In the material below, the required lines run from the one containing "Mara Polished Chrome-Ivory" through the one containing "Two-Tier Dessert Stand". Copy those lines exactly, ends included, and nothing else.

> [Record extracts]
----

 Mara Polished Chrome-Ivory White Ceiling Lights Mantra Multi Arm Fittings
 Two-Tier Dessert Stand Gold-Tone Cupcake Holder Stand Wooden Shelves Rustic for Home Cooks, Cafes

----

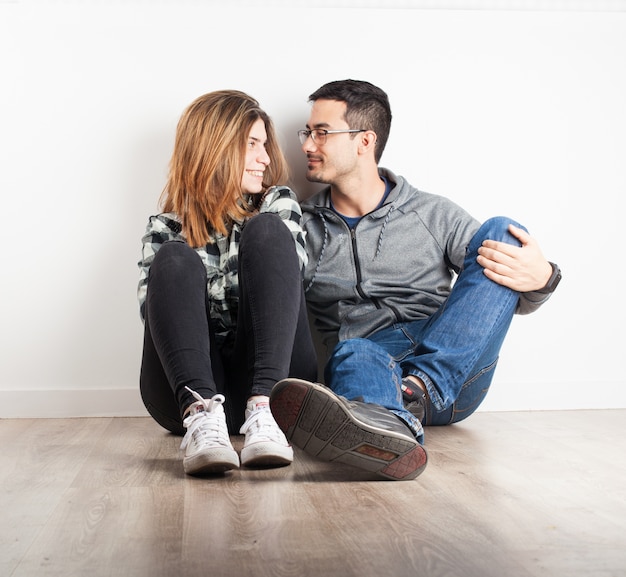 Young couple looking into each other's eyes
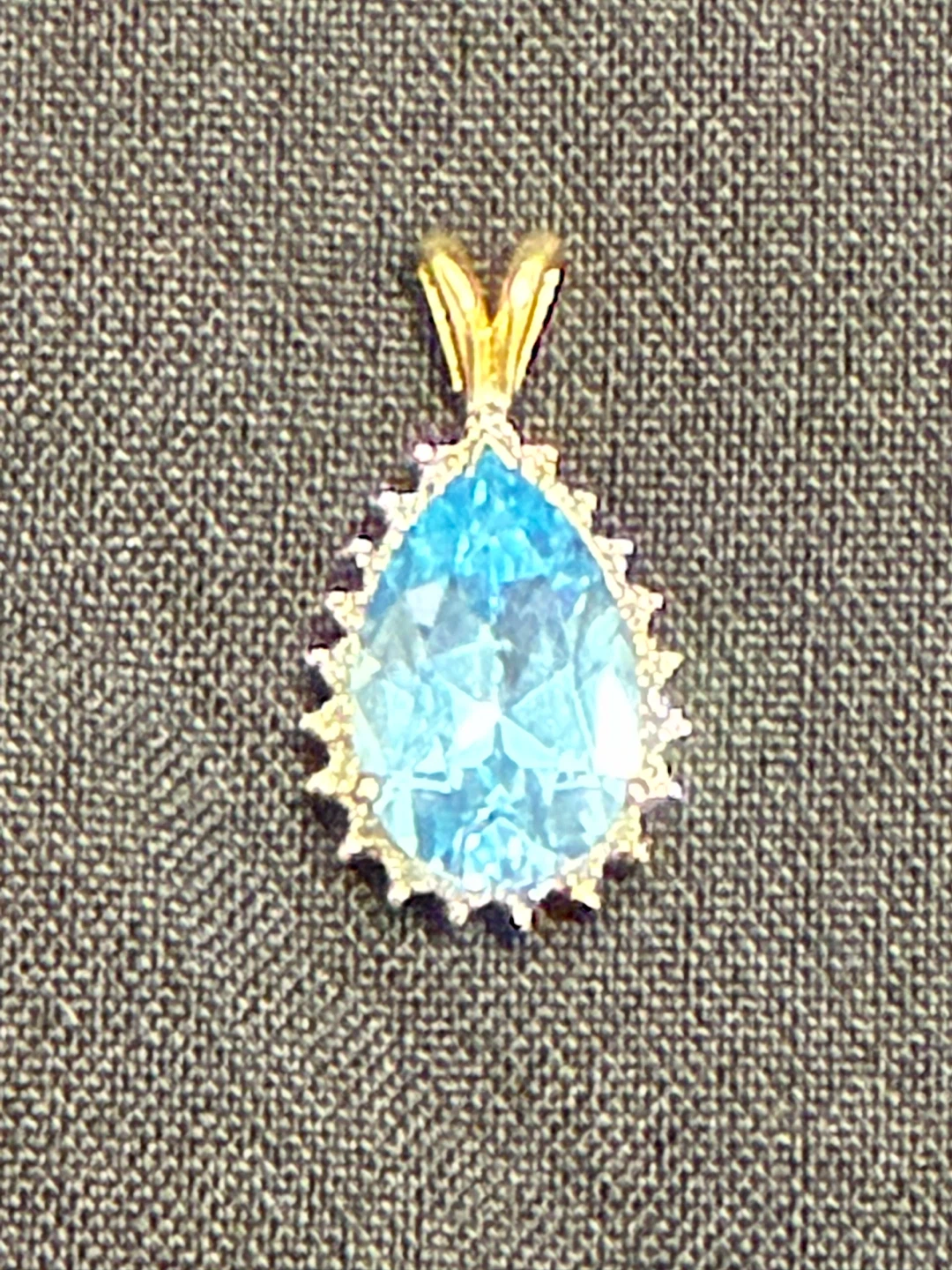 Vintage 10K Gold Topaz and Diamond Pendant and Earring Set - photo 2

----

> [Response to the task]
 Mara Polished Chrome-Ivory White Ceiling Lights Mantra Multi Arm Fittings
 Two-Tier Dessert Stand Gold-Tone Cupcake Holder Stand Wooden Shelves Rustic for Home Cooks, Cafes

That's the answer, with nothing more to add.